Certo il 2020 è stato particolarmente caotico: di rumore insomma ce n’è stato parecchio, e anche di persone che hanno parlato fin troppo pur di ottenere una vetrina in televisione o su un giornale. Zitti e buoni diventa quindi un inno da cantare a tutti quei politici e medici che imperversano in televisioni sparando sentenze definitive, perennemente in conflitto tra loro.

Non è la prima volta, negli ultimi 30 anni, che le vittorie di Sanremo si trovano a fare vivere queste curiose associazioni su dinamiche opposte, al contrario di quanto accadeva un tempo, quando i titoli sembravano seguire la medesima tematica.

Negli anni Sessanta infatti ad Aldilà susseguì l’anno dopo Addio addio.

Tre anni dopo il successo di Non ho l’età vinse Non pensare a me: insomma quasi un ulteriore invito a convincere lo spasimante a cambiare mire.

A inizio anni Settanta, due anni dopo la vittoria di Zingara, al Festival trionfava Il cuore è uno zingaro: incredibilmente nessuna delle due era cantata dai Nomadi.

Quasi una conferma quella che nel 1984 cantavano Albano e Romina: Ci sarà arrivava un anno dopo Sarà quel che sarà.

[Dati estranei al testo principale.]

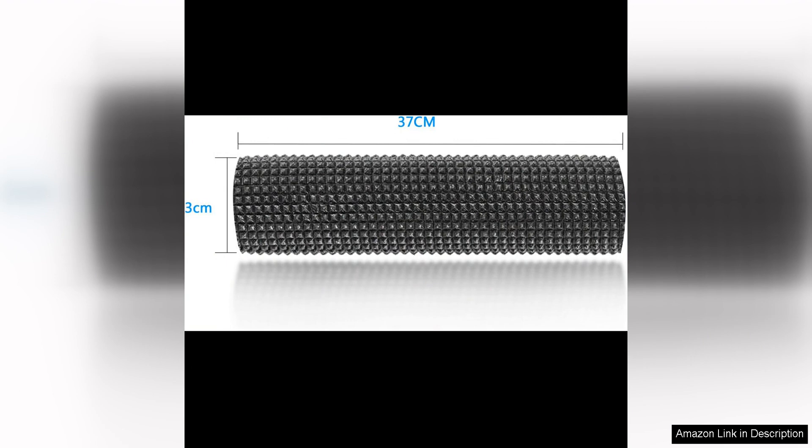Overall, the easygoing reversible couch cover for three cushion couch sofa cover is a great investment for anyone looking to protect their furniture from pet hair, spills, or general wear and tear. It is stylish, comfortable, and easy to clean, making it a must-have for any pet owner or busy household. I highly recommend this couch cover to anyone looking for a simple and effective way to keep their furniture looking like new.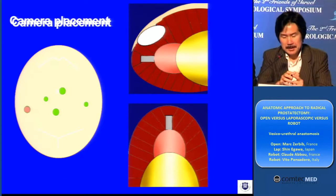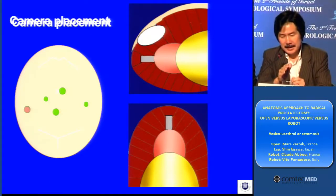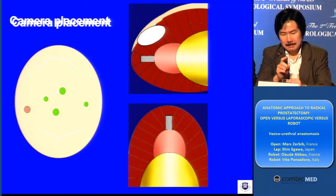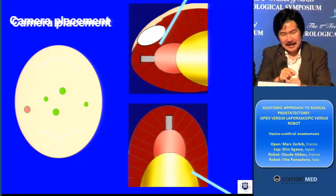When we do laparoscopic surgery, I usually use a right lower port of the abdomen as a camera port — a camera placement port. So this is the camera placement I usually use.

L’inversione di tendenza avvenne nel 1989: a dispetto di quanto non si possa immaginare leggendo i titoli, Perdere l’amore e Ti lascerò raccontavano dinamiche completamente diverse. La prima la fine di un amore a un’età matura con tutte le sue malinconie, la seconda un sentimento pieno di speranza e libertà per una giovane donna.

Da quel momento, i binomi dei titoli sono stati quasi sempre un contrasto.

Se nel 1990 i Pooh cantavano di Uomini soli, nel 1991 Riccardo Cocciante aveva svoltato pagina dichiarando tutte le ragioni di un amore da non lasciare in Se stiamo insieme.

Era il 2000 quando, l’anno dopo la vittoria di Senza pietà, a vincere era una canzone che parlava di Sentimento.

Torna a fare eccezione il binomio 2004/2005. A L’uomo volante seguì Angelo.

Fino a quest’anno: dopo Fai rumore non sarebbe stata molto diversa la storia se a vincere fosse stata Un milione di cose da dirti, ma Zitti e buoni è decisamente il titolo che meglio spiega questa dicotomia.

Sanremo da sempre crea polemiche, e ogni tanto anche qualche contrasto. Un po’ come quei fenomeni che accadono una volta ogni tanti anni, ecco che al Festival i titoli delle canzoni vincitrici raccontano una storia che in qualche modo prosegue.